Amazon.com Review
Actress Alla Nazimova rode unto Broadway from the East, bearing lightning bolts. It was 1905, and her experience in the legendary Moscow Art Theatre under Stanislavsky made her a goddess in the eyes of the first generation of fully professional American actors. Lambert's remarkable feat of theatrical history recaptures the puissant mystique of Nazimova (true believers knew her only by that name, and rolled it off their tongues like an incantation). She introduced many of the primary
Ibsen and
Chekhov roles to America, introducing in the process a new standard of realistic performance that swept away the wildly melodramatic style of the late 19th century. Nazimova's choice of roles and standards of performance have become so encoded in the DNA of new actresses that they all strive to be Nazimova--whether they even know what a Nazimova was. Thanks to Lambert, they can again. The book includes some of Nazimova's poetry.

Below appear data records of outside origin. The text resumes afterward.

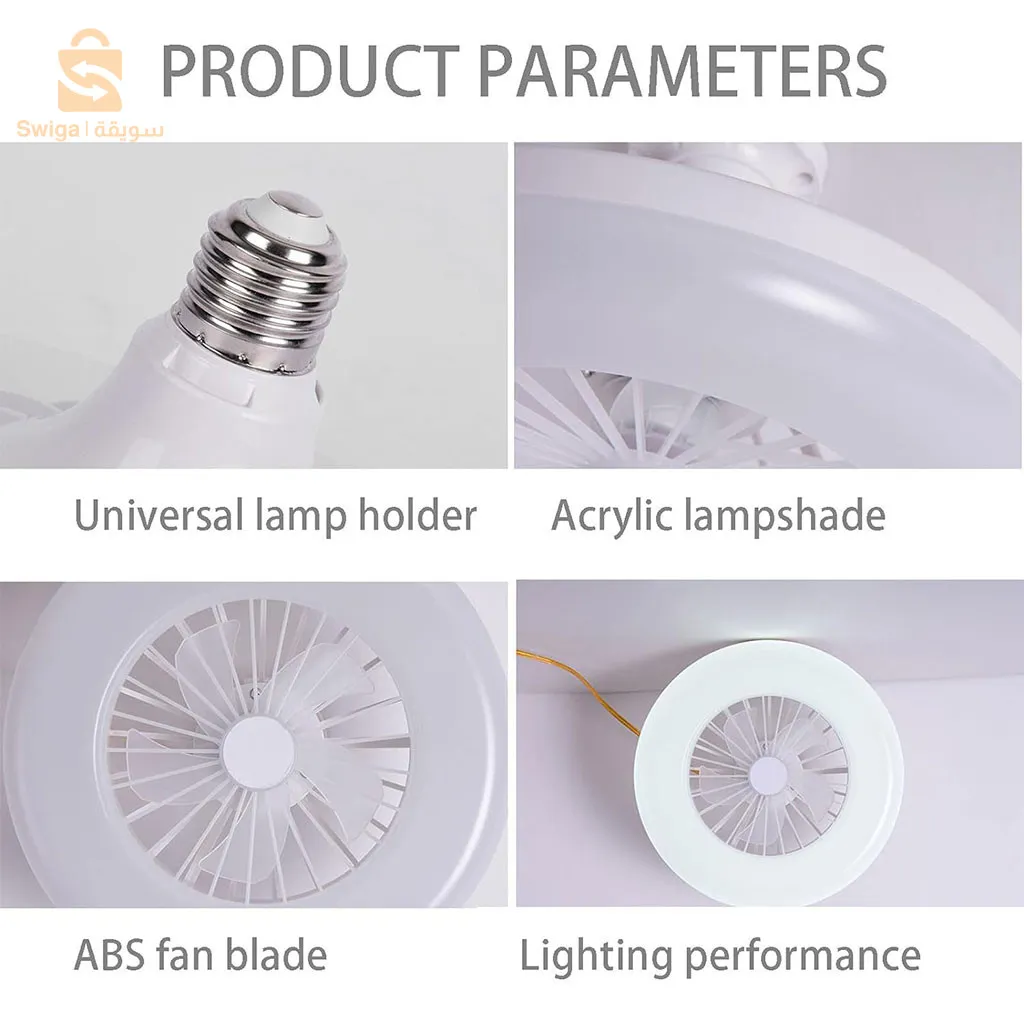 مراوح السقف LED E27 30W$👍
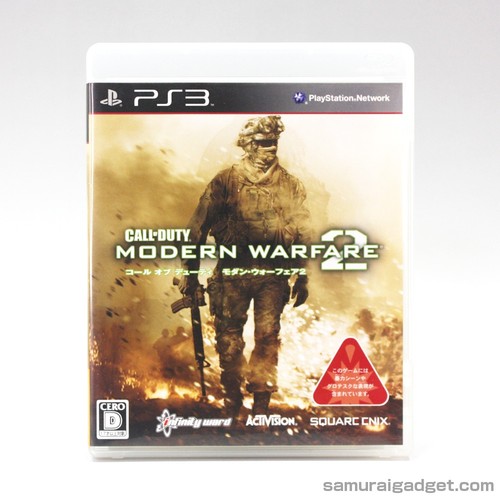 Call duty modern warfare - warfare, 2
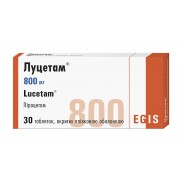 Lucetam 30 tablets 800mg Pyracetam Луцетам Psychoorganic syndrome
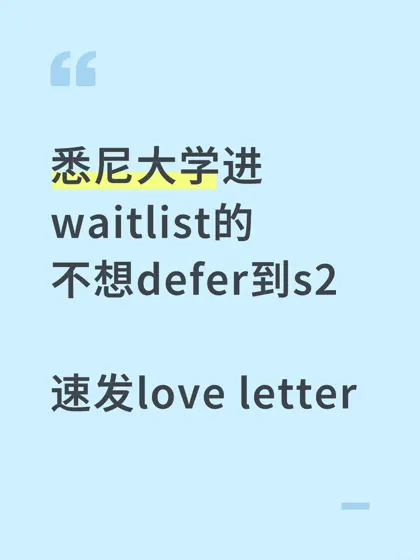 在悉尼大学waitlist呆了一个月,我暴力转正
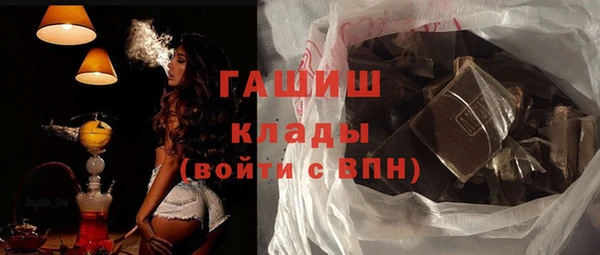 гашик Верхнеуральск
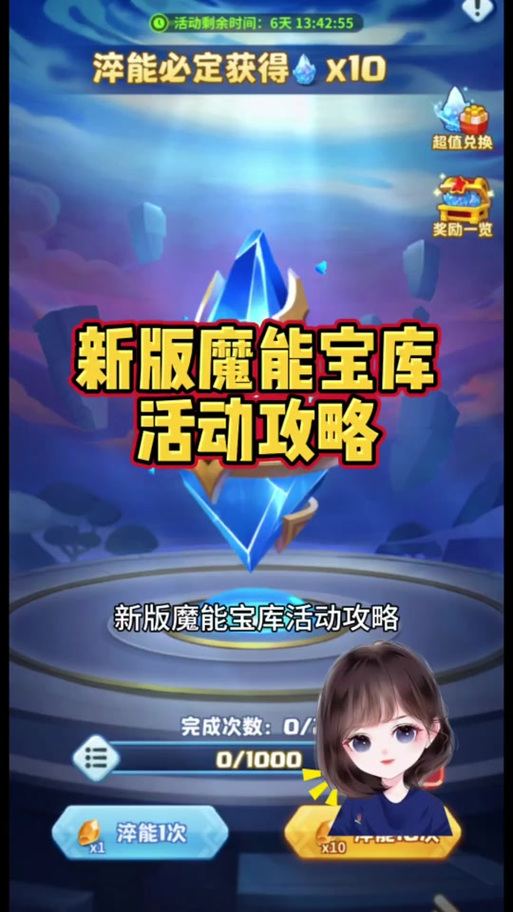 浓缩的魔能石还有用吗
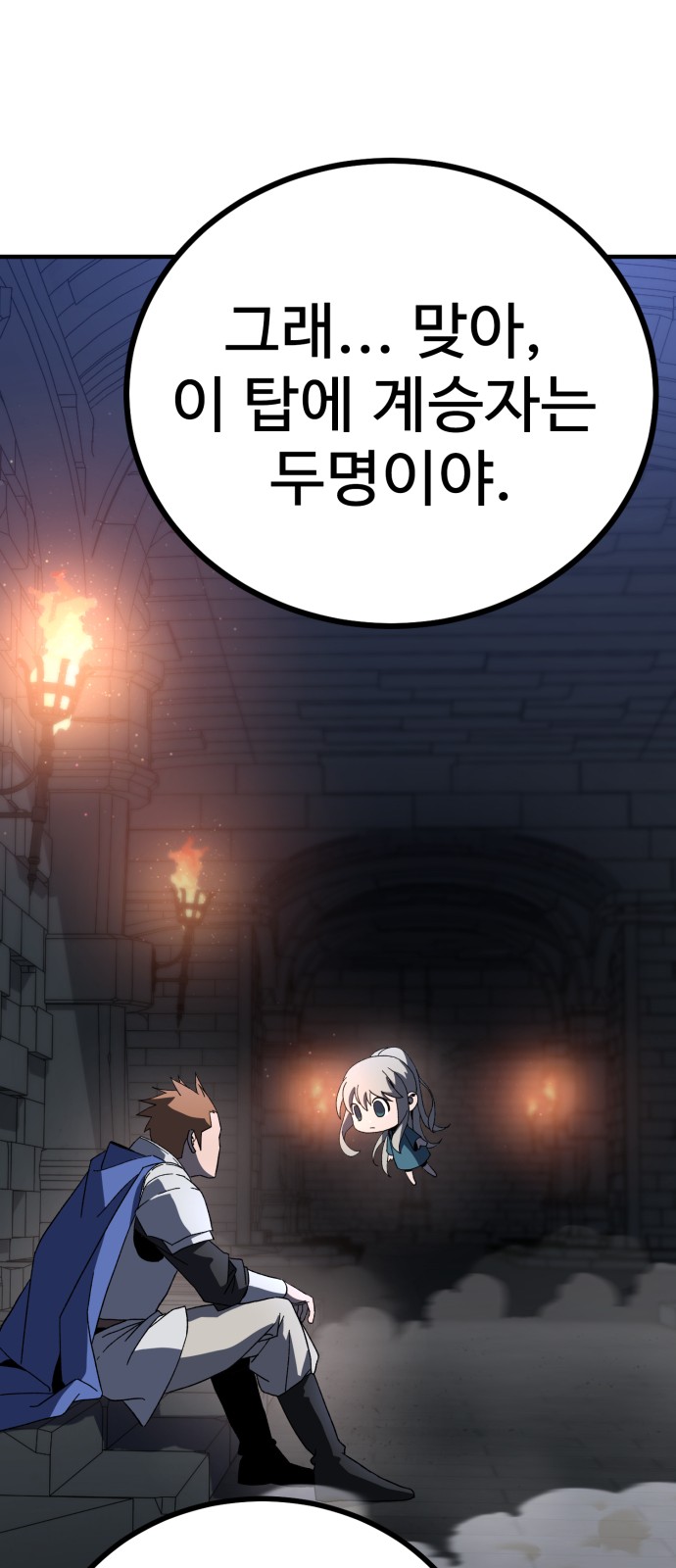 91 페이지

All but forgotten today, Alla Nazimova (1879^-1945) was one of the most powerful actresses in silent-era Hollywood, able to name her terms and maintain artistic control of her films. Lambert's rich, readable, painstakingly researched biography follows Nazimova's life from her difficult, Dostoyevskian childhood in Russia, where she suffered at the hands of an abusive, neglectful father, through her years studying with Stanislavsky et al. at the Moscow Art Theater, to her emigration to the U.S. and subsequent rise to the heights of the film and theater worlds. Lambert handles a melodramatic life full of violence, scandal, and the kind of sudden reversals of fortune that would have killed lesser talents with considerable aplomb, and Nazimova's sexual orientation with even greater composure, treating her bisexual inclinations and later strict lesbianism without a hint of Hollywood-Babylonish sensationalism. Incidentally noteworthy are the fascinating portraits Lambert provides of the Moscow Art Theater in its first years, of Hollywood in the Roaring Twenties, and of the American theater during the fervent years of the Depression.